What you need to do: Copy exactly the lines from the beginning of the data down to and including the line holding "Vintage Carhartt Canvas", without any pictures.

Provided data:
━━━━━━━━━━━━━━━━━━━━━━━━━━━━━━
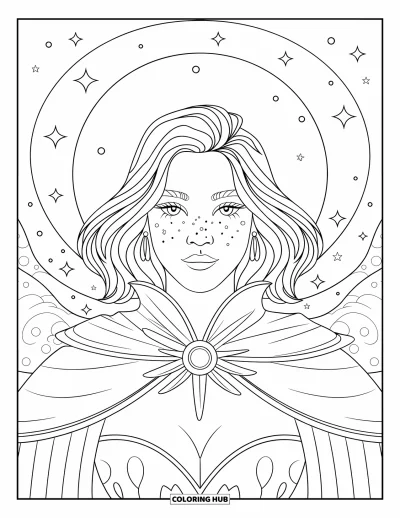 Coloriage de sorcière pour adultes : Une sorcière avec des taches de rousseur et un pendentif lumineux est assise sous un ciel étoilé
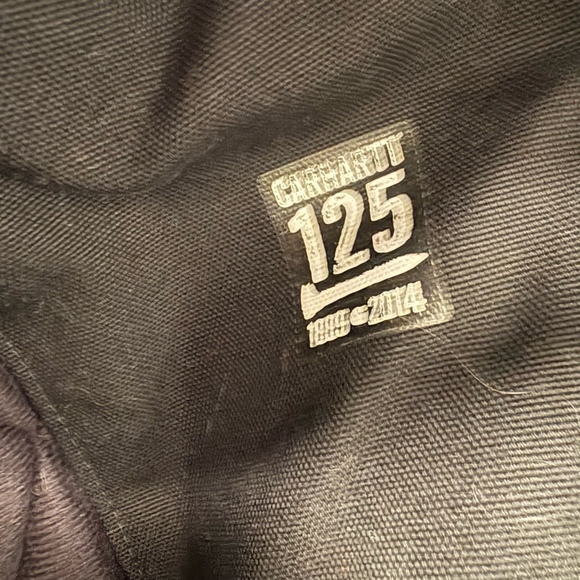 Vintage Carhartt Canvas Bomber Work Jacket Size XL Black Workwear 125 Year Ann - Picture 9 of 12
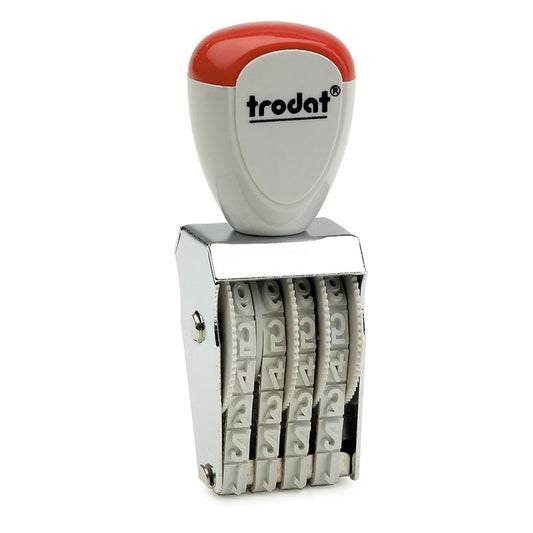 Trodat TR-1554 number stamp featuring a red and white handle, with a silver body and clearly visible number bands for easy customization.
━━━━━━━━━━━━━━━━━━━━━━━━━━━━━━
Exercise solution:
 Coloriage de sorcière pour adultes : Une sorcière avec des taches de rousseur et un pendentif lumineux est assise sous un ciel étoilé
 Vintage Carhartt Canvas Bomber Work Jacket Size XL Black Workwear 125 Year Ann - Picture 9 of 12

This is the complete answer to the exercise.